Fortunately, coach houses that were built before this 1950s zoning change are grandfathered, and homeowners can use these as an income-producing apartment. There is one major exception, however: Any 12-month lapse in occupancy will, in effect, make it illegal to rent out a coach house again. Additionally, if a coach house is demolished or lost in a fire, it cannot be replaced.
The vacancy code means that there are usually a number of Chicago coach houses listed for sale or rent. Here are just a few examples around the city.
In parts of Lincoln Park and Lake View, coach houses are sometimes sold separately from the main home. This is unusual in the sense that it seems to contradict existing zoning standards, but this 1,600-square-foot coach house dwelling on Seminary Avenue is a perfect example.
What’s better than a classic Chicago red brick bungalow? A classic Chicago bungalow with a coach house in the rear. For under $450,000, this Carmen Avenue property includes a two-unit bungalow and a detached third unit located behind it.
Here’s a unique opportunity to get a vintage single-family home and coach house on an oversized lot in Lincoln Square. Clad in cedar shake siding, the adorable coach house would make for a perfect in-law suite or rental dwelling, and there’s still plenty of room in the backyard for everyone to share.
Home shoppers may be able to stretch their budget a bit further if they consider the potential income from leasing out a coach house.

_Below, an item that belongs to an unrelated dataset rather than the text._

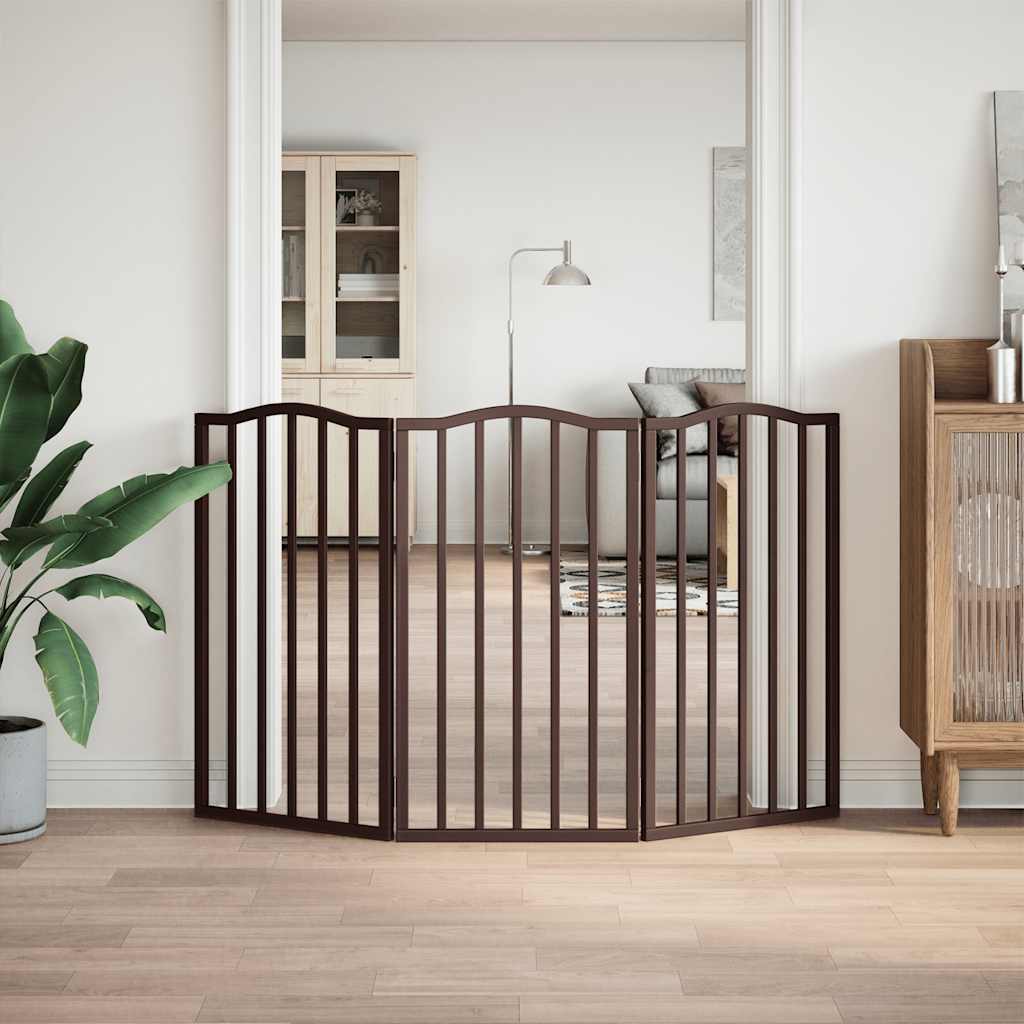 Vidaxl Dog Fence Plegable 3 Paneles de 150 cm Populier Wood Brown Oak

While this vintage Victorian farmhouse may be out of reach for some buyers, renting the detached rear dwelling could help get better financing and cover the bills.
Anyone who’s lived in or spent time visiting the greater West Town area is likely to recognize this style of coach house. The modest dwelling is no mansion, but it’s a more affordable option for renters and an income-producing asset for the homeowner. And up in the front is a two-unit building.